**Task requirements**.
Your answer must be the exact lines from the one with "Иллюстрация к книге" to the end of the data, both included, with no pictures.

**Supplied data**.
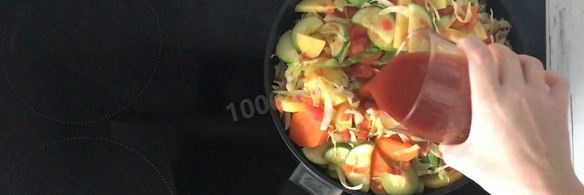 овощное рагу с кабачками, картошкой и капустой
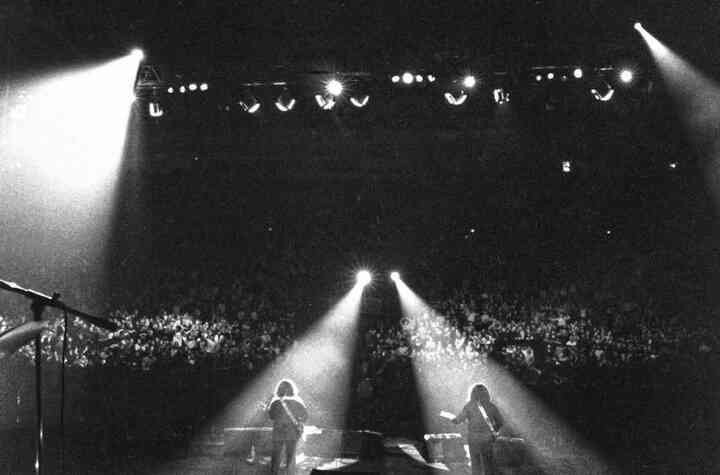 Иллюстрация к книге — «Агата Кристи». Чёрные сказки белой зимы [i_138.jpg]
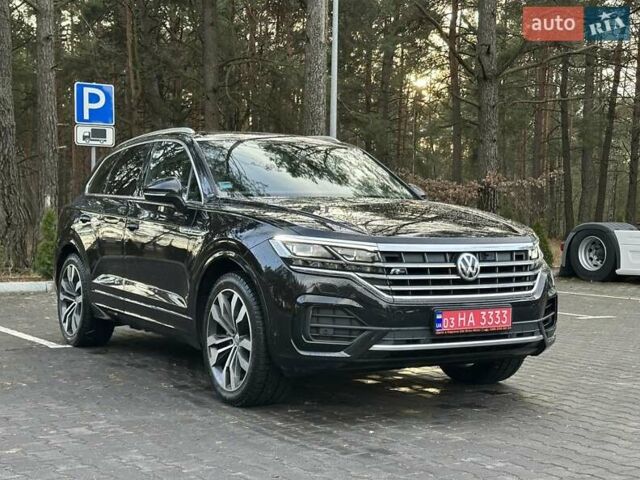 Черный Фольксваген Туарег, объемом двигателя 2.97 л и пробегом 264 тыс. км за 44000 $, фото 1 на Automoto.ua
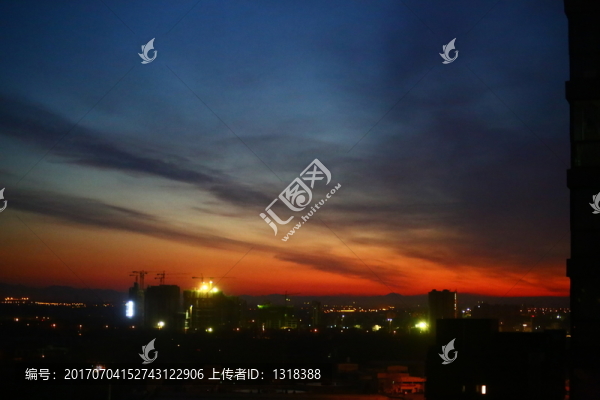 夕陽火燒云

**Written solution**.
 Иллюстрация к книге — «Агата Кристи». Чёрные сказки белой зимы [i_138.jpg]
 Черный Фольксваген Туарег, объемом двигателя 2.97 л и пробегом 264 тыс. км за 44000 $, фото 1 на Automoto.ua
 夕陽火燒云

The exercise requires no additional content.